Enhanced Multi-Adminの導入によって、単一ユーザーの同意で既存デバイスを複数のスマートホームシステムと自動的に接続できるようになり、デバイスの相互運用性が向上します。たとえば、新しいスマートライトをiPhoneで一度セットアップしてApple Homeで制御できるようにすれば、同時にルームメイトのAndroidスマートフォンからGoogle Homeで制御可能になるというわけです。

CSAのマーケティング委員長であるダニエル・モネタ氏は、Enhanced Multi-Adminは異なるエコシステム(Fabric)の相互通信を承認する「Fabric Sync」というシステムによって可能になったと説明しています。モネタ氏によると、「すべての大手企業」がこのソリューションの開発に積極的に関与しており、2025年中には大手企業のスマートホームデバイスがEnhanced Multi-Adminに対応することが期待できるとのことです。

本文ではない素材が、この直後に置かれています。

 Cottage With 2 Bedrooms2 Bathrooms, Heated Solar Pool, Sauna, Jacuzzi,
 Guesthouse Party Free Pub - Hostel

◆ホームルーターとアクセスポイントによるネットワークインフラストラクチャーの強化

新たにホームルーターやモデム、アクセスポイントなどのデバイスを、Matterベースのスマートホームシステムをサポートするように設計したり、アップグレードしたりできるようになりました。Matter認定のホームルーターやアクセスポイント(HRAP)デバイスは、Wi-Fiアクセスポイントと通信プロトコル「Thread」ボーダールーターの役割を担い、Matterデバイスに必要なインフラストラクチャーを強化するとされています。

◆エネルギー管理機能の強化

Matter 1.4ではエネルギー管理機能が強化されており、新たにヒートポンプ・給湯器・バッテリーエネルギー貯蔵システム・太陽光発電デバイスといったデバイスが追加されたほか、サーモスタットや電気自動車の充電装置の機能強化も行われています。

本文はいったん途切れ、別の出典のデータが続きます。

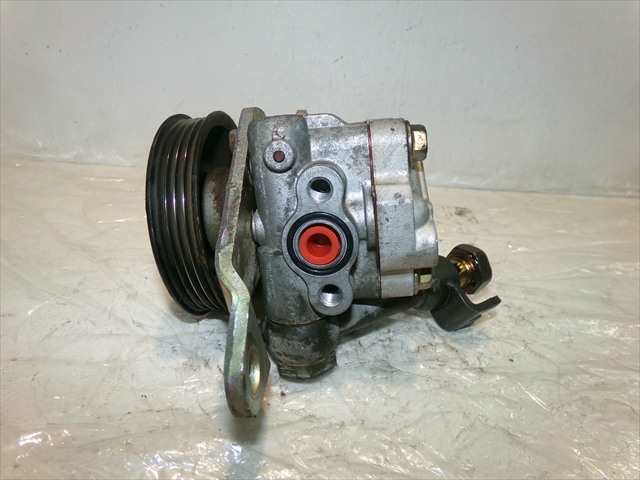 Bomba de Direccion Nissan Micra 1.3 G 1998-2000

すでにMatter 1.3でスマートホームデバイスのエネルギーレポート機能が追加され、ユーザーは電力消費量についてのデータを入手可能になっていました。Matter 1.4では使用するエネルギー量に基づいてデバイスをオン/オフしたり、電力需要のピーク時にエネルギー消費量を調整したり、グリッド全体あるいはデバイスの電力源を切り替えたり可能になるとのことです。



また、Matter 1.4では照明やファンなどの非スマートホームデバイスを制御する壁内スイッチも追加されたほか、レーダーなどのセンシングテクノロジーの機能もサポートされました。しかし、防犯カメラは将来的にMatterへ追加する計画はあるものの、Matter 1.4では追加されていません。

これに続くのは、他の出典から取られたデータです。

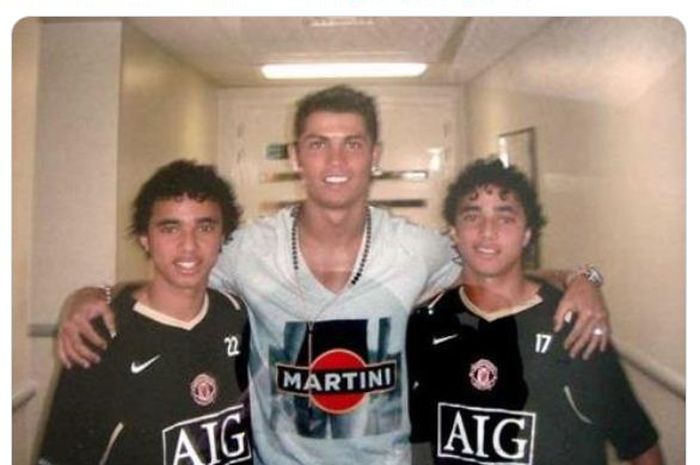 Cristiano Ronaldo (tengah) diapit dua mantan pemain Manchester United, Rafael dan Fabio da Silva.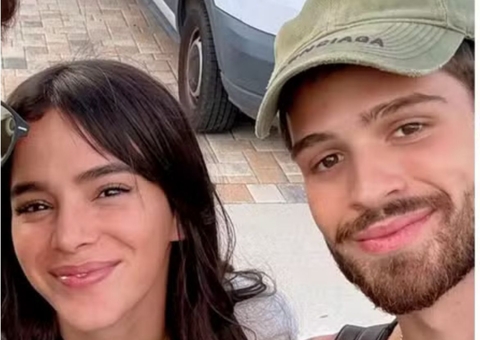 Bruna Marquezine e João Guilherme chegam aos EUA para 1º natal juntos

なお、今回のリリースはあくまで仕様にすぎないため、デバイスメーカーやプラットフォームがMatter 1.4を製品やエコシステムに統合するには、しばらく時間がかかるとみられます。海外メディアのThe VergeがApple・Google・Amazon・Samsungに連絡を取り、Matter 1.4の新機能とデバイスタイプを採用する予定があるか尋ねたところ、記事作成時点ではAmazonとGoogleからMatter 1.4を採用する予定だと回答がありました。

Amazonの広報担当者であるコナー・ライス氏は、「Matter 1.4のアップデートは2025年初めにサポートしているEchoおよびEeroデバイスに展開されます。今後デバイスメーカーが新製品をリリースするのに合わせて、新機能やMatterデバイスタイプのサポートを追加していく予定です」とコメントしました。